# Work order:
Please retype the data in full and exactly; the pictures are not part of the copy.

# Data provided:
Start of Block

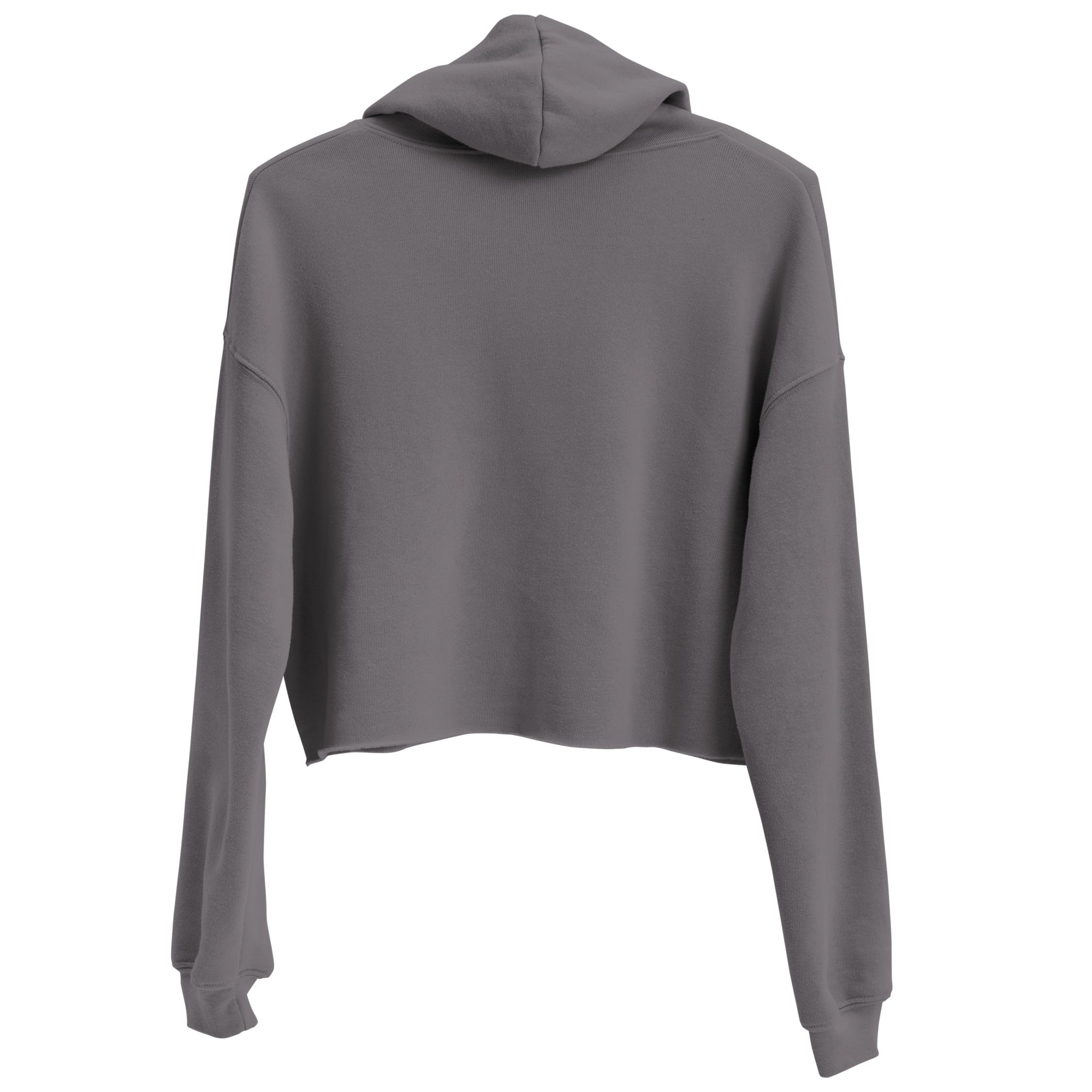 Taylor Swift Crop Hoodie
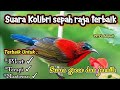 Suara Pikat Atau Masteran Kolibri Sepah Raja Terbaik Jitu Mp3 - Mp4 Download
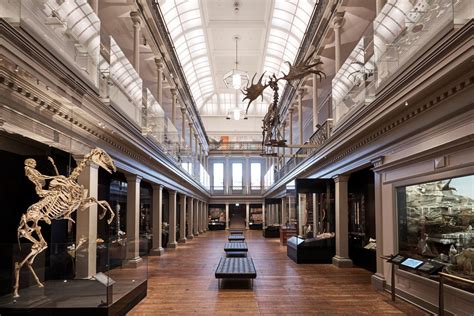 Australian museum. After a year of significant renovations, the nation’s first museum, Sydney's Australian Museum, is once again open to the public.The $57.5m renovation known ... 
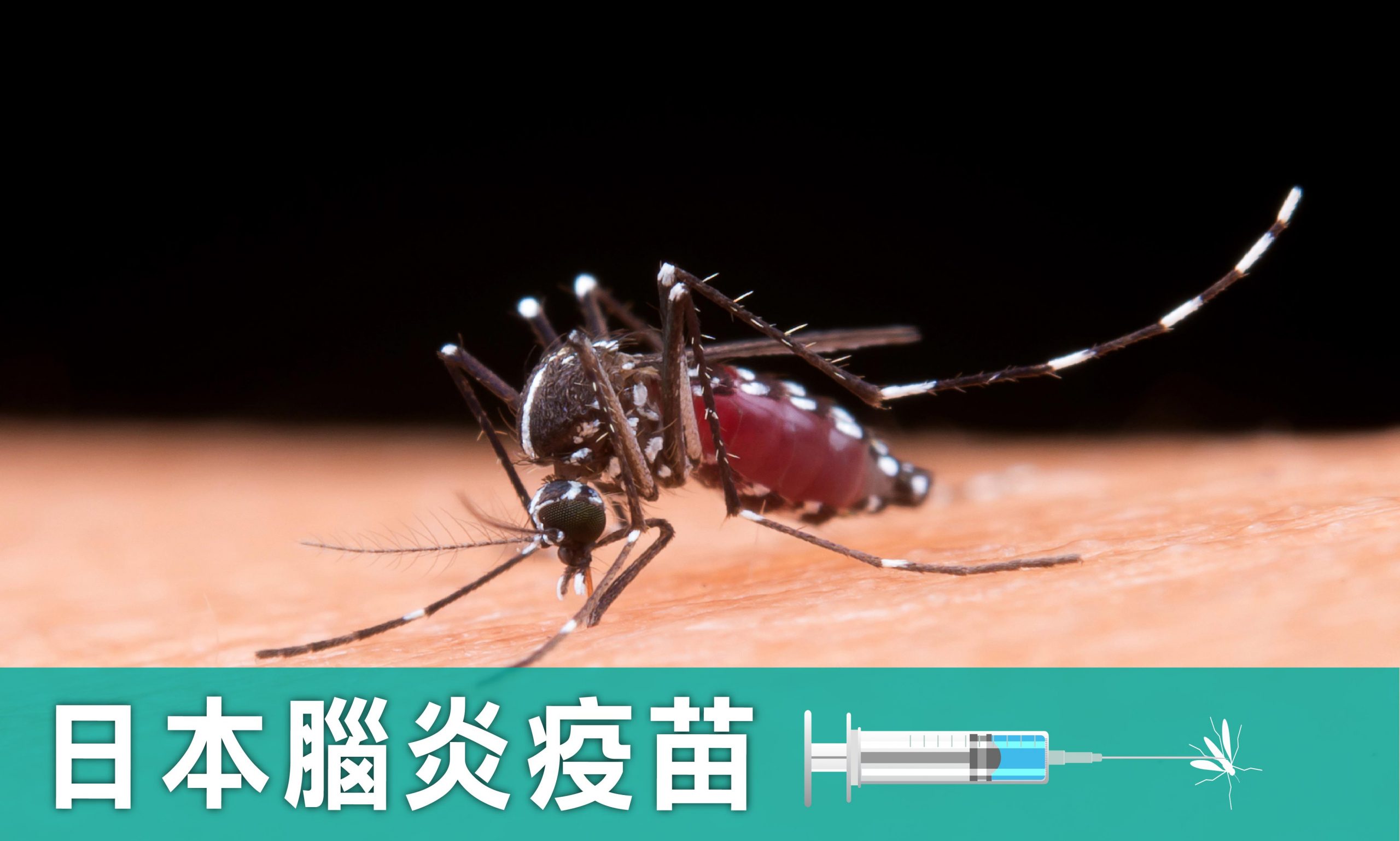 日本腦炎疫苗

End of Block

# The completed task:
 Taylor Swift Crop Hoodie
 Suara Pikat Atau Masteran Kolibri Sepah Raja Terbaik Jitu Mp3 - Mp4 Download
 Australian museum. After a year of significant renovations, the nation’s first museum, Sydney's Australian Museum, is once again open to the public.The $57.5m renovation known ... 
 日本腦炎疫苗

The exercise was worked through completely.